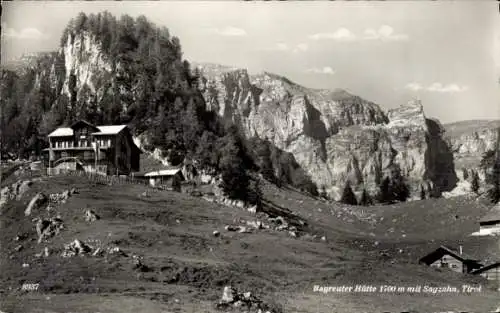 Ak Münster in Tirol, Alm, Bayreuther Hütte, Sagzahn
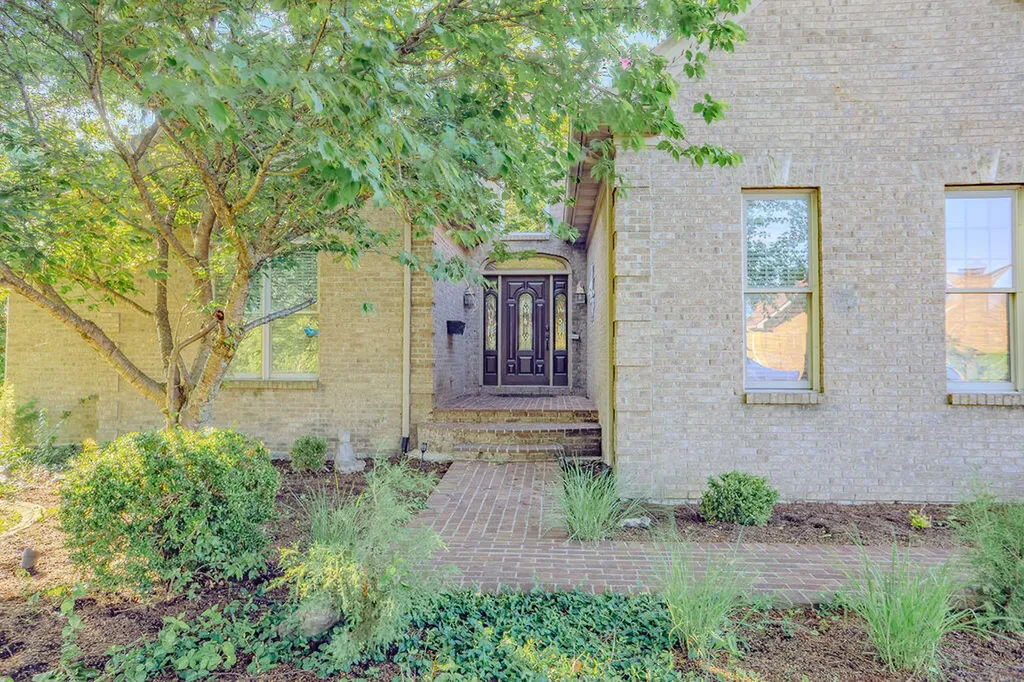 916 Country Oaks Drive Richmond KY 40475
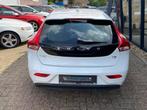 Volvo V40 2.0 T2 Kinetic Business Pack Connect NAVI / PDC /, Auto's, Volvo, Voorwielaandrijving, Stof, Gebruikt, Zwart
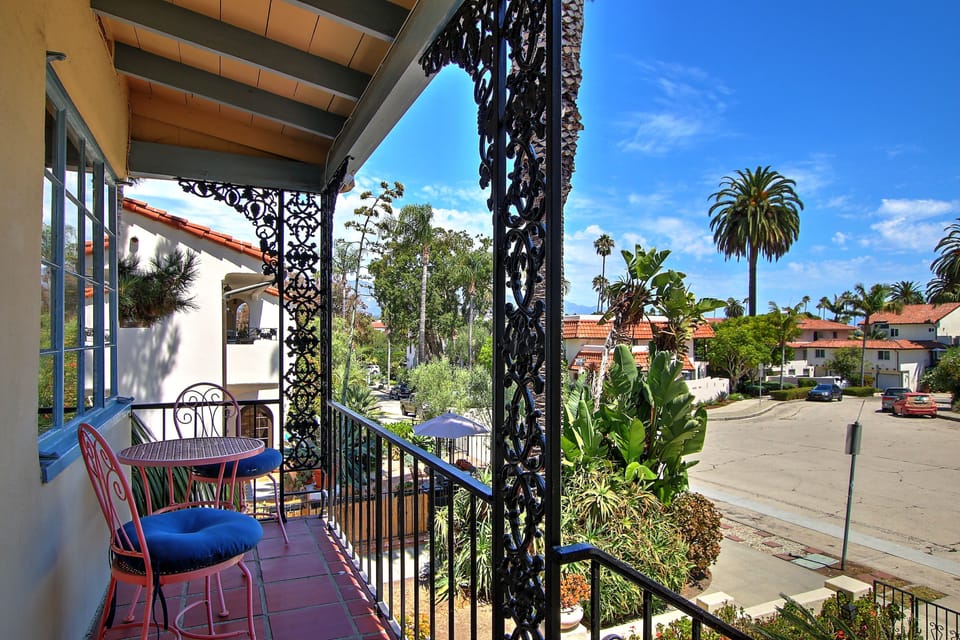 The outdoor front lanai is a great spot to enjoy morning coffee or happy hour drinks.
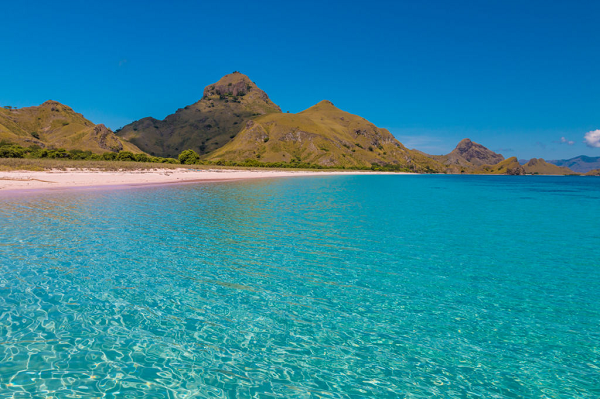 meperkenalkan_pesona_labuan_bajo_sebagai_bintang_destinasi_wisata_di_matta_fair_2023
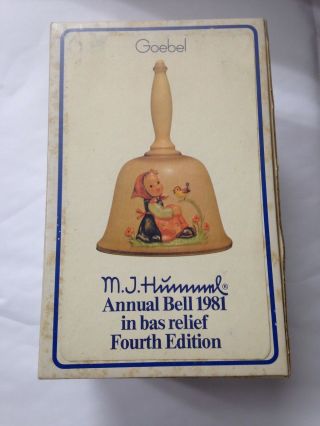 Goebel M.  J.  Hummel Annual Bell 1981 In Bas - Relief Fourth Edition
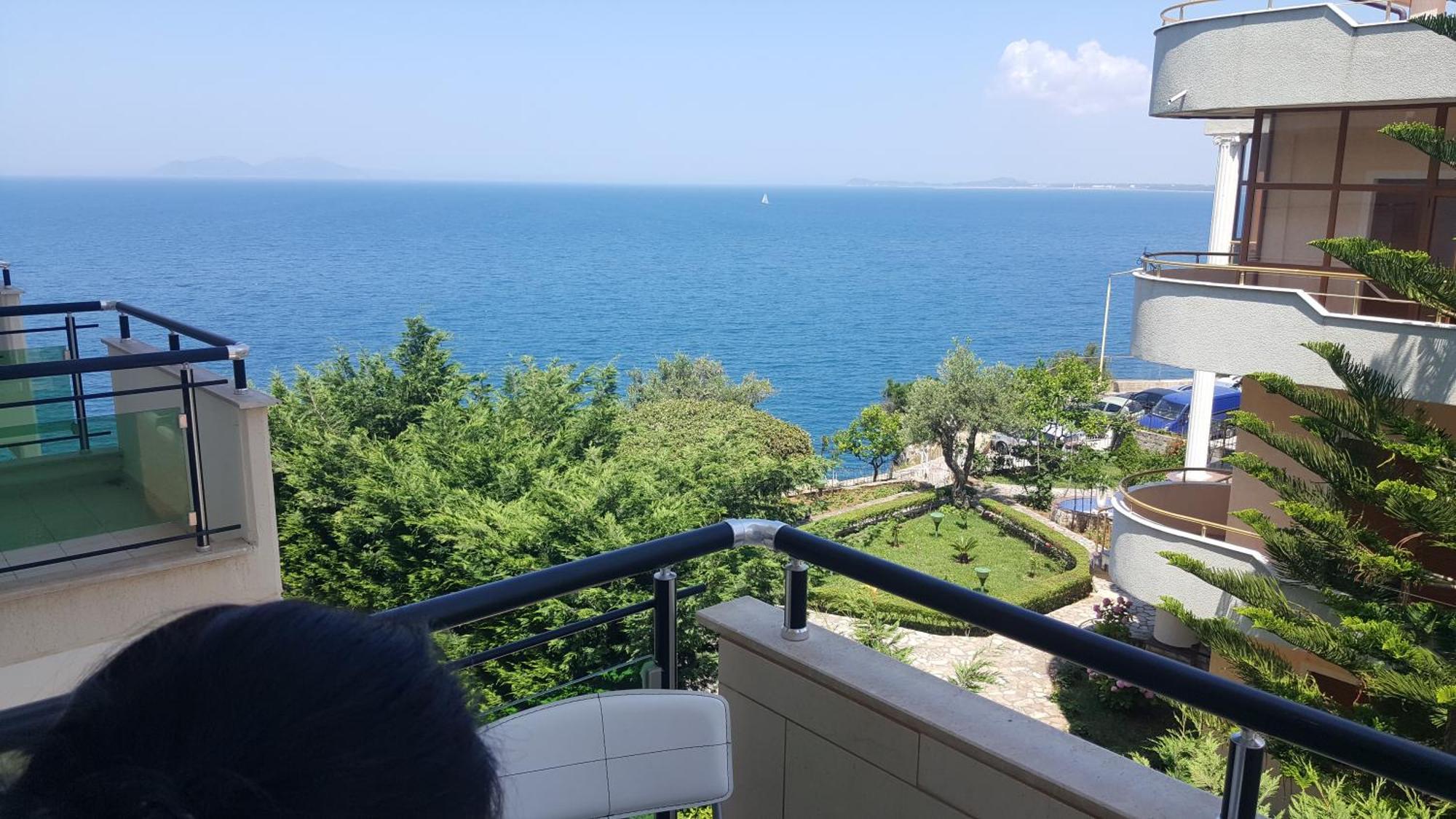 Darla Sea View Apartment Vlorë Eksteriør billede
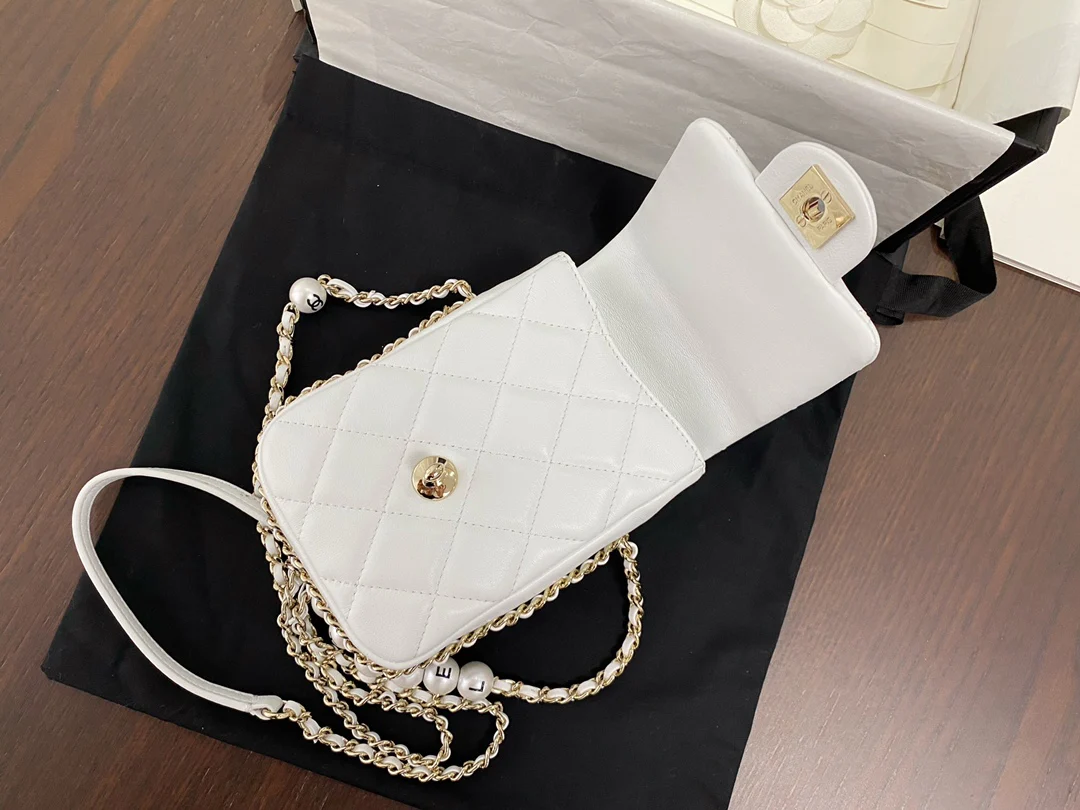 Сумка для телефона Chanel CF Pearl из коллекции Весна/Лето 2020 - белая.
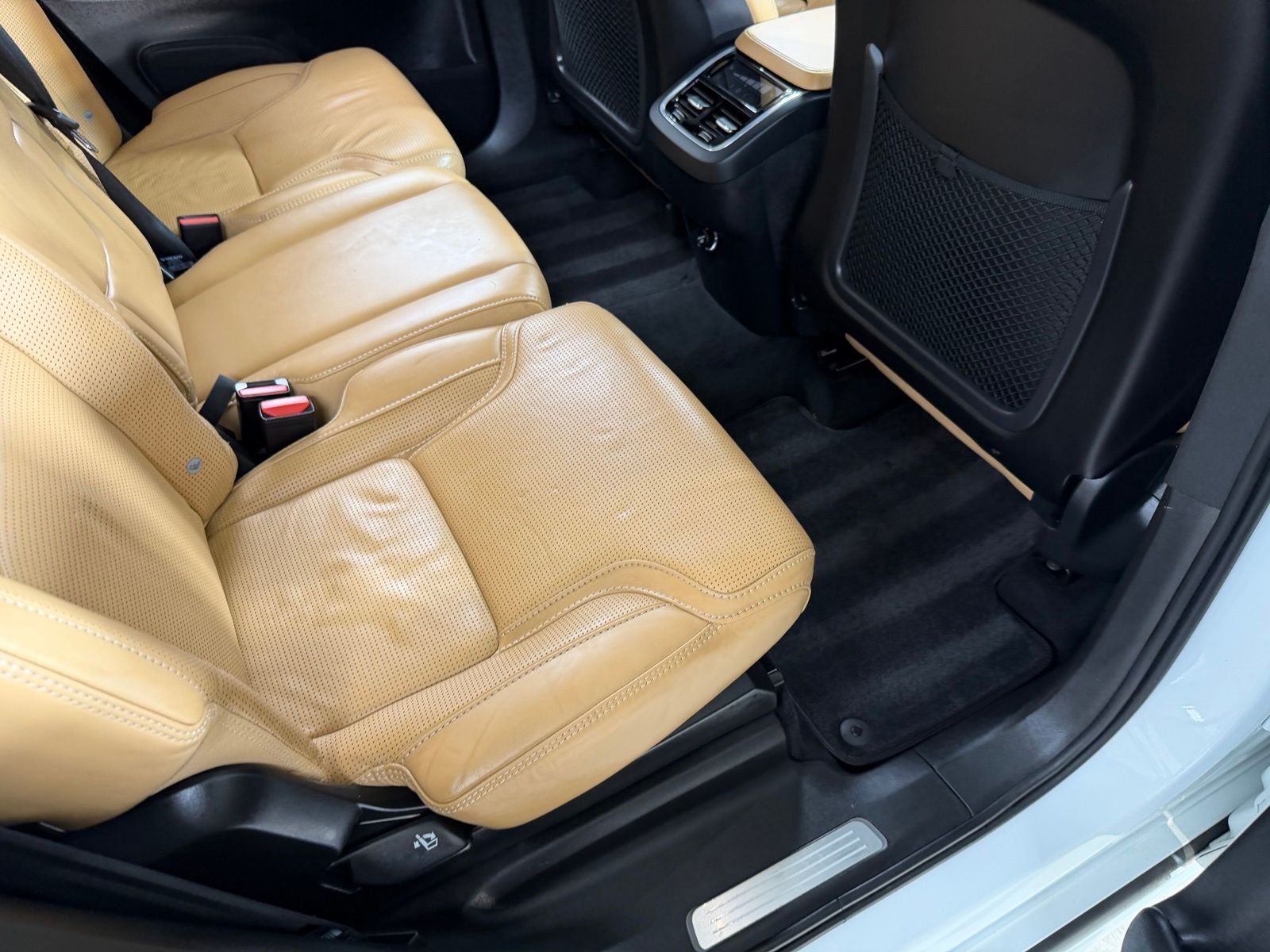 2019 Volvo XC90 T6 Inscription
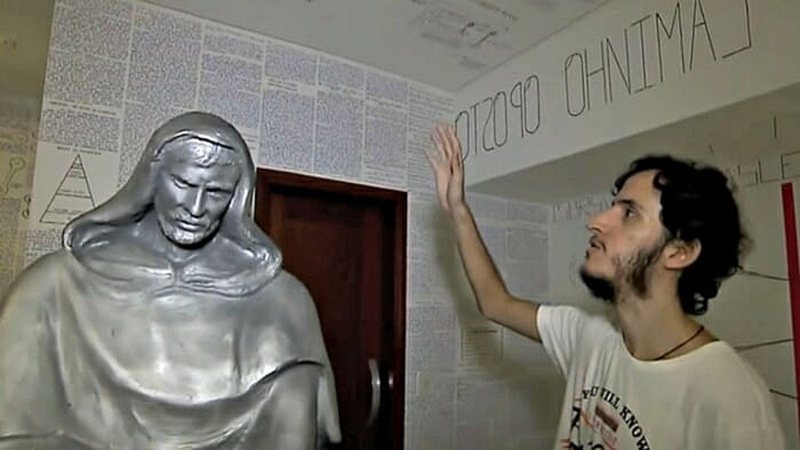 Bruno mostra escultura de Bruno Giordano - Divulgação / TV Globo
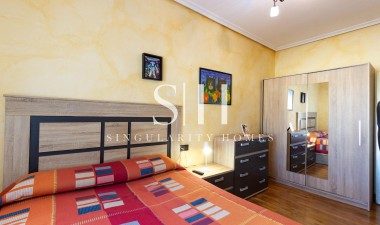 Resale - Villa - Torrevieja - Los balcones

# [EXERCISE AIM]
The preceding listing must be repeated exactly, with all images dropped.

# [RESPONSE AREA]
 Ak Münster in Tirol, Alm, Bayreuther Hütte, Sagzahn
 916 Country Oaks Drive Richmond KY 40475
 Volvo V40 2.0 T2 Kinetic Business Pack Connect NAVI / PDC /, Auto's, Volvo, Voorwielaandrijving, Stof, Gebruikt, Zwart
 The outdoor front lanai is a great spot to enjoy morning coffee or happy hour drinks.
 meperkenalkan_pesona_labuan_bajo_sebagai_bintang_destinasi_wisata_di_matta_fair_2023
 Goebel M.  J.  Hummel Annual Bell 1981 In Bas - Relief Fourth Edition
 Darla Sea View Apartment Vlorë Eksteriør billede
 Сумка для телефона Chanel CF Pearl из коллекции Весна/Лето 2020 - белая.
 2019 Volvo XC90 T6 Inscription
 Bruno mostra escultura de Bruno Giordano - Divulgação / TV Globo
 Resale - Villa - Torrevieja - Los balcones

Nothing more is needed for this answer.